**DESCRIPTION OF THE TASK**
For the data below, retype word for word the lines from the one containing "A police vehicle" through the one containing "Happy African American"; drop the pictures.

**DATA PROVIDED**
········

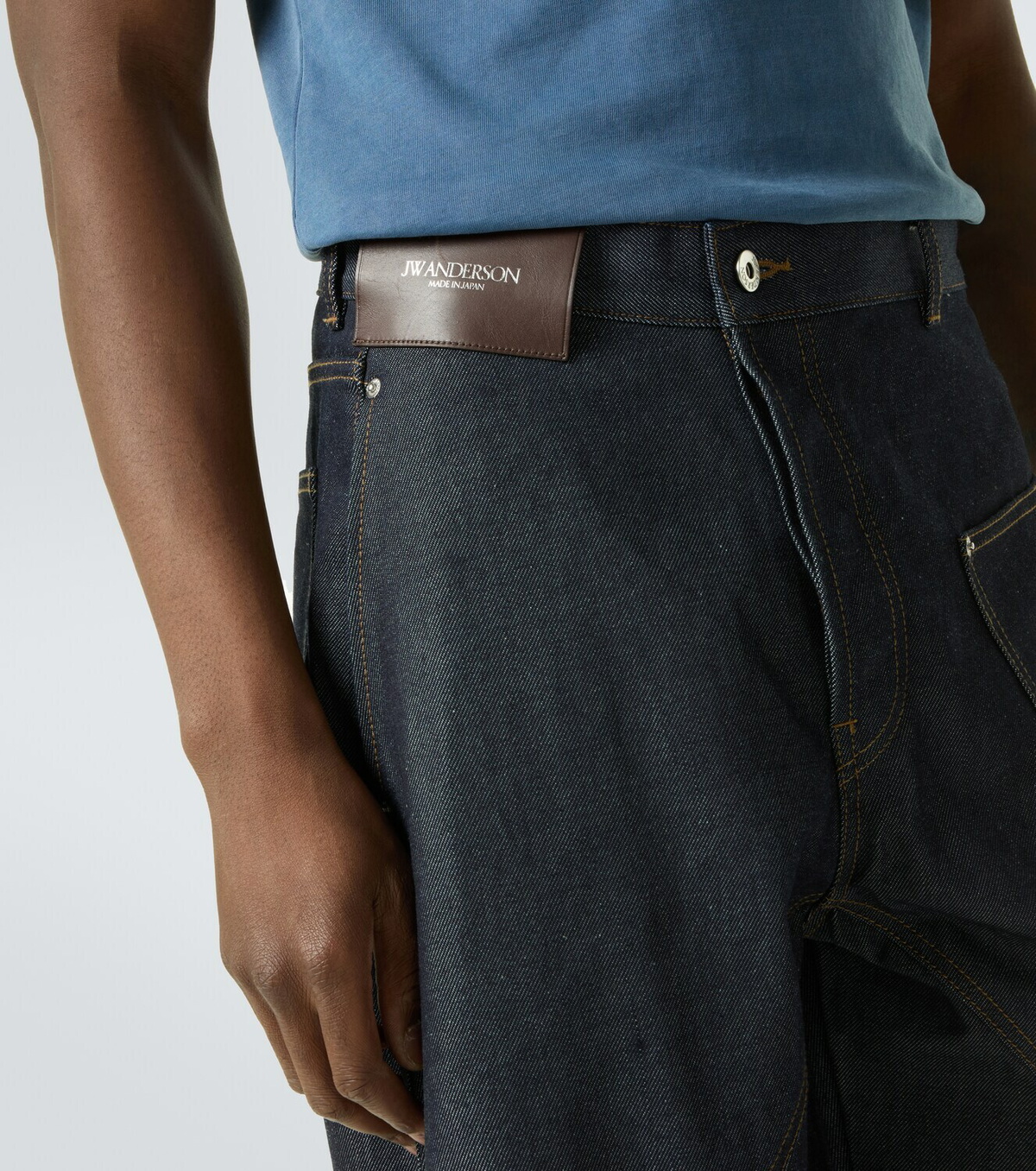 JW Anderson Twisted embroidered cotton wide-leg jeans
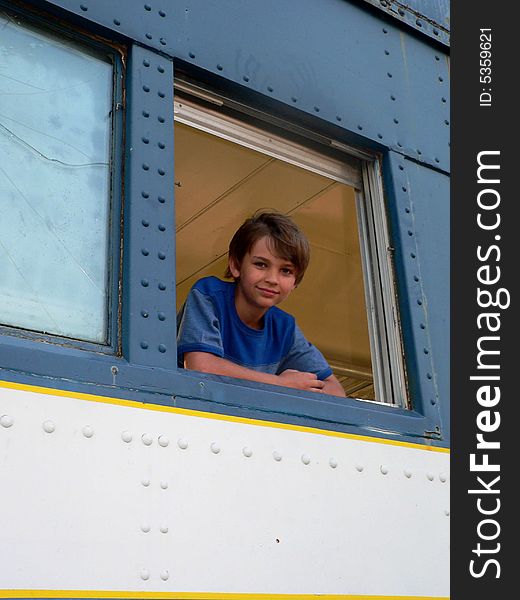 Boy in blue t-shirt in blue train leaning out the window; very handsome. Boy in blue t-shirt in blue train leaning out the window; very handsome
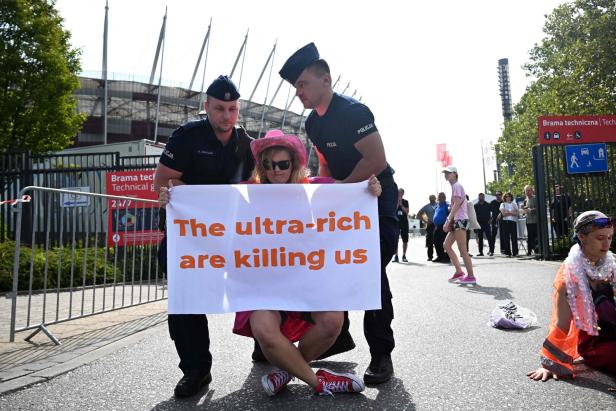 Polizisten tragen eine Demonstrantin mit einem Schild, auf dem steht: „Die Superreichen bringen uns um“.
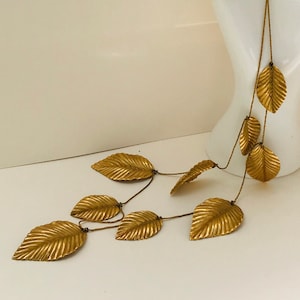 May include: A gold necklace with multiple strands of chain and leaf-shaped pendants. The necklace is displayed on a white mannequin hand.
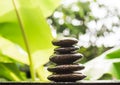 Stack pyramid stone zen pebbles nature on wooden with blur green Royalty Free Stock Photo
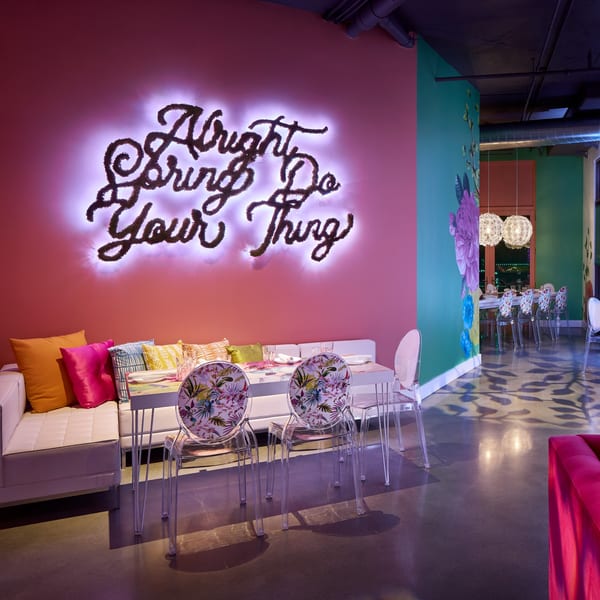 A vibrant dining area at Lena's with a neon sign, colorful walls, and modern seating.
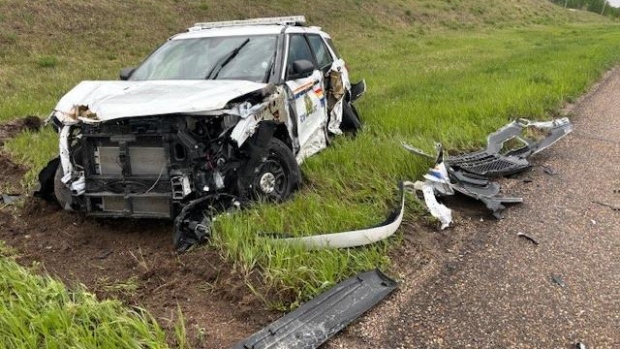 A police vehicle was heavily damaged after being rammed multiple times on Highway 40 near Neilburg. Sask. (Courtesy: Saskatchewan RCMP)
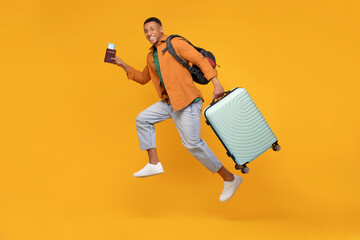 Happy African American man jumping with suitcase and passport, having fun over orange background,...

········

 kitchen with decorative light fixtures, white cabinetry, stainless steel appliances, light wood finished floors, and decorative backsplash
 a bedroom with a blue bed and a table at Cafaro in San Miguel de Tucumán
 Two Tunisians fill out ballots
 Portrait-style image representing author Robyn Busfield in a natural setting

········

**EXERCISE RESULT**
 A police vehicle was heavily damaged after being rammed multiple times on Highway 40 near Neilburg. Sask. (Courtesy: Saskatchewan RCMP)
 Happy African American man jumping with suitcase and passport, having fun over orange background,...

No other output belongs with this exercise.